In our previous study, T2DM or obese volunteers completed two programs for lifestyle modification; one was based on a caloric restriction, and another one, in addition to caloric restriction, included the exercise program that was similar to the exercise program that was applied to lean subjects in the current study. Both interventions were aimed to reach a weight loss of ≥5–10% of baseline weight (58, 59). It had been found that only the program that included the exercise induced the increase in cardiolipin content, citrate synthase, and mitochondria NADH oxidase activities in the biopsies obtained from obese or T2DM individuals (58, 59).

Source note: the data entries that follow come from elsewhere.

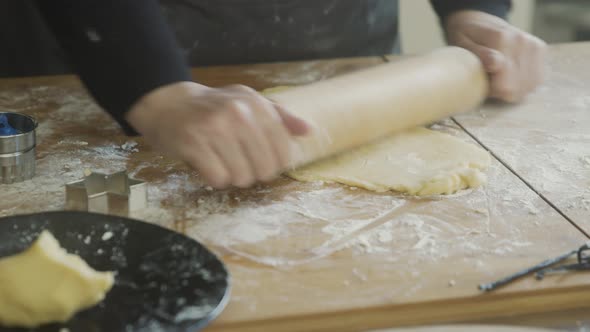 Woman rolling out dough for Christmas cookies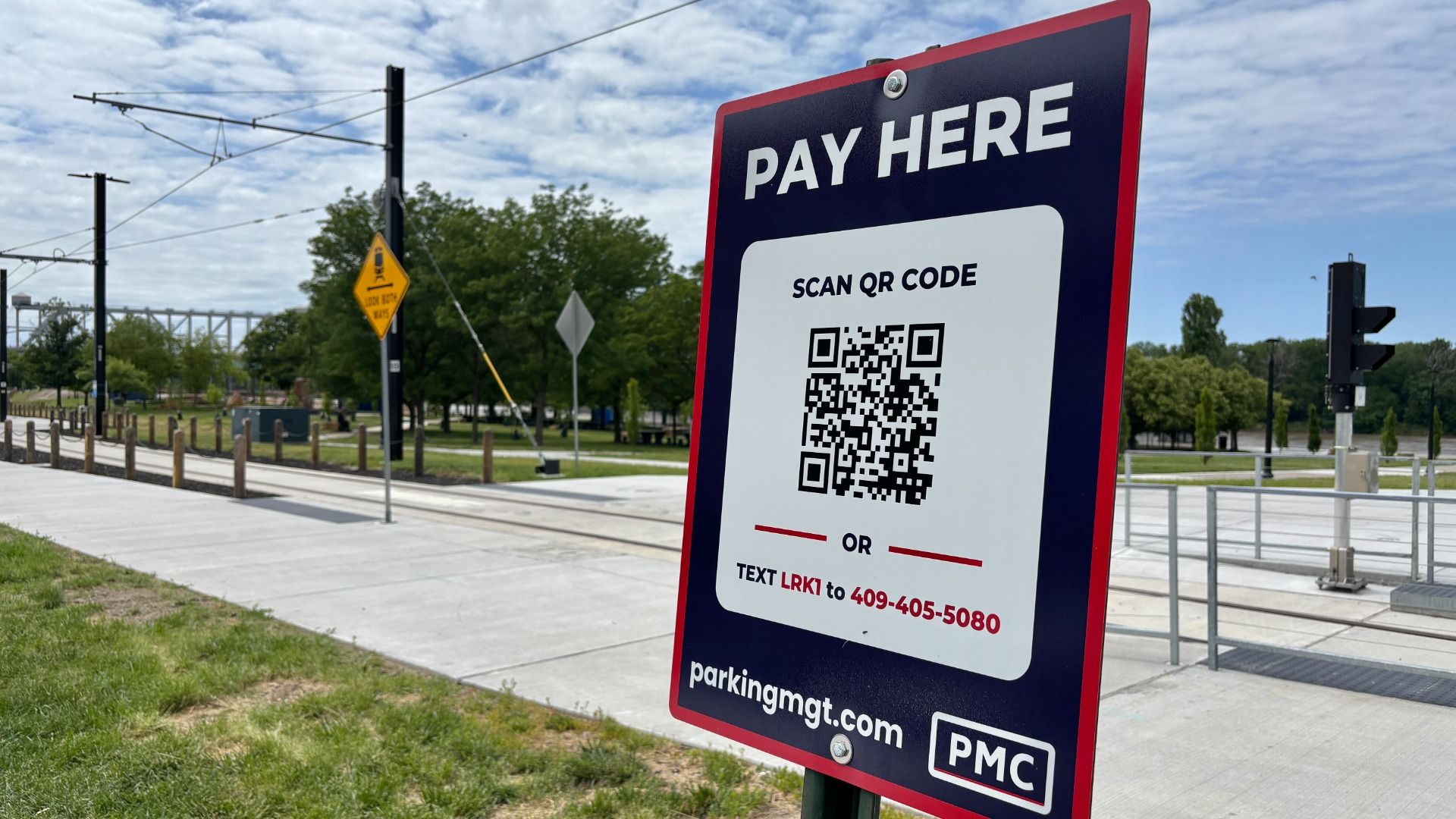 Large blue and red pay here sign with a QR code and instructions to scan or text LRKI; located near railway tracks with overhead wires, trees, and a blue sky in the background.
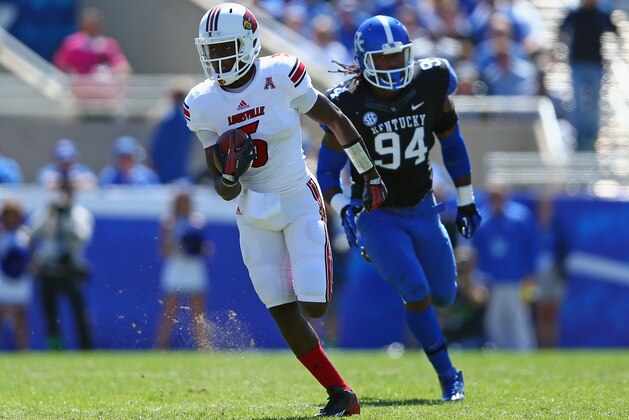 LEXINGTON, KY - SEPTEMBER 14:  Teddy Bridgewater #5 of the Louisville Cardinals runs with the ball  during the game against the Kentucky Wildcats at Commonwealth Stadium on September 14, 2013 in Lexington, Kentucky.  (Photo by Andy Lyons/Getty Images)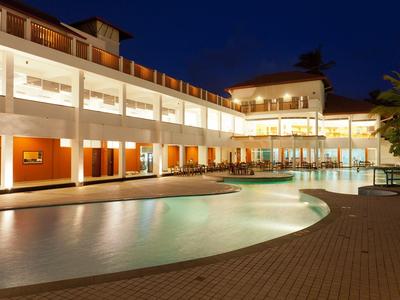 Modernes Hotel mit beleuchtetem Swimmingpool bei Nacht und klarer Architektur.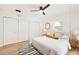 Bright main bedroom featuring wood floors, neutral tones, and a double door closet at 1886 San Mateo Dr, Dunedin, FL 34698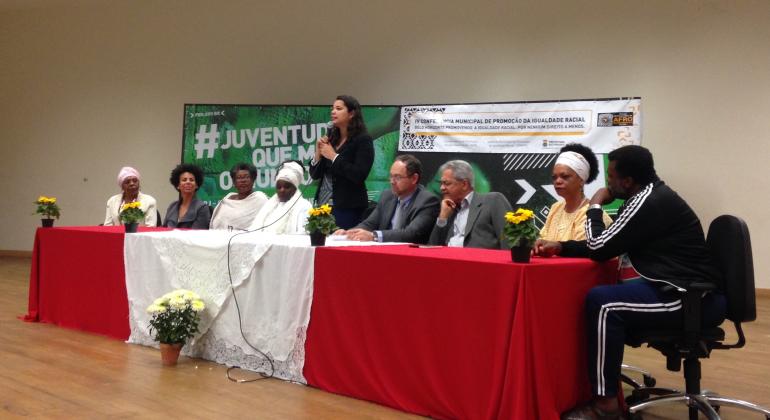 Nove pessoas compondo a mesa de abertura da Conferência de Igualdade Racial; com destaque para a secretária municipal de Políticas Sociais Maíra Colares de pé, ao centro.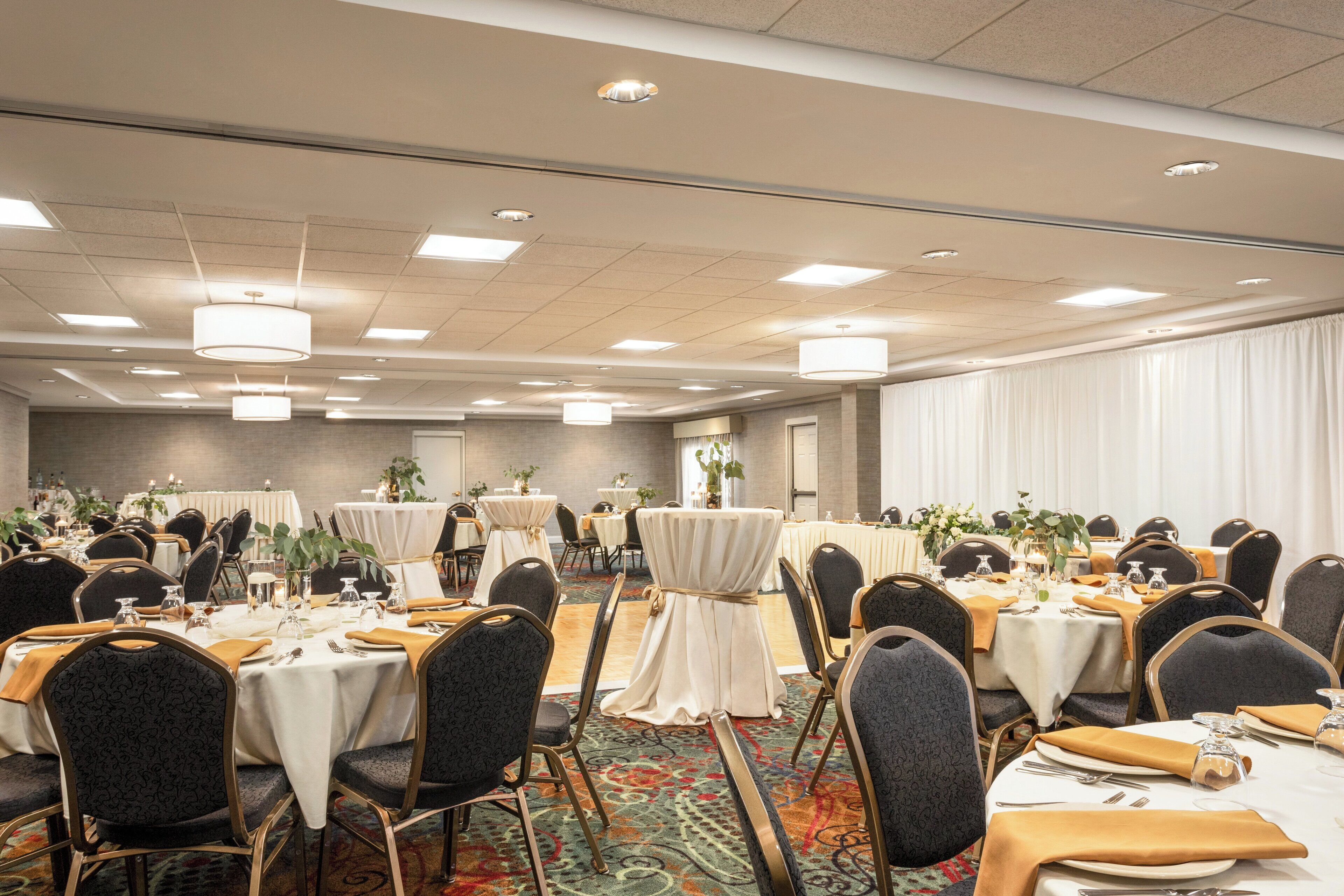 A banquet hall with round tables, chairs, and a carpeted floor.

In the current study, we used particulate and soluble fractions prepared from the biopsies obtained from the obese or T2DM individuals who participated in the study that included combined intervention (diet plus exercise) to additionally measure the activity of β-HAD. As can be seen in Fig. 2C, according to the previous data, the intervention program that included exercise significantly increased activity of β-HAD in vastus lateralis muscle of obese or T2DM individuals. We used these data and the previously published data on NADH oxidase, cardiolipin, and citrate synthase to calculate the ratios between NADH oxidase/citrate synthase or NADH oxidase/β-HAD and to compare it with corresponding ratios for lean volunteers. As can be seen in Fig. 2, the caloric restriction plus exercise intervention does not improve the balance between activity of NADH oxidase and citrate synthase or β-HAD. Additional calculations performed for estimation of specific activity of NADH oxidase (NADH oxidase/cardiolipin) in the caloric restriction study also show that nether caloric restriction alone nor caloric restriction plus exercise has an ability to increase the reduced specific activity of mitochondrial NADH oxidase in vastus lateralis muscle of obese or T2DM individuals (Fig. 2 and 3). The calculation of NADH oxidase/citrate synthase ratio for the obese cohort by using data from a previous study (58, 59) and comparing it with the corresponding ratio in the current study for lean subjects shows that the caloric restriction alone also does not improve the balance between NADH oxidase and citrate synthase in vastus lateralis muscle of obese individuals (Fig. 3).
DISCUSSION
The primary goal of the presented study was to compare mitochondrial content and activity of selected mitochondrial enzymes in skeletal muscle of biopsies obtained from lean, obese, or obese T2DM individuals in the basal state. Frozen tissue samples obtained by needle biopsy from research volunteers were homogenized, and the homogenate was separated by high-speed centrifuging to collect the total particulate and soluble fractions. Total particulate fraction that contains >95% of tissue mitochondria was used for analysis of cardiolipin and activity of mitochondrial ETC (rotenone-sensitive NADH:O2 oxidoreductase). Both particulate and soluble fractions were used for analysis of citrate synthase and β-HAD because of partial release of these soluble mitochondrial matrix enzymes from mitochondria due to tissue freezing.
Mitochondrial content in human vastus lateralis muscle in obesity and T2DM.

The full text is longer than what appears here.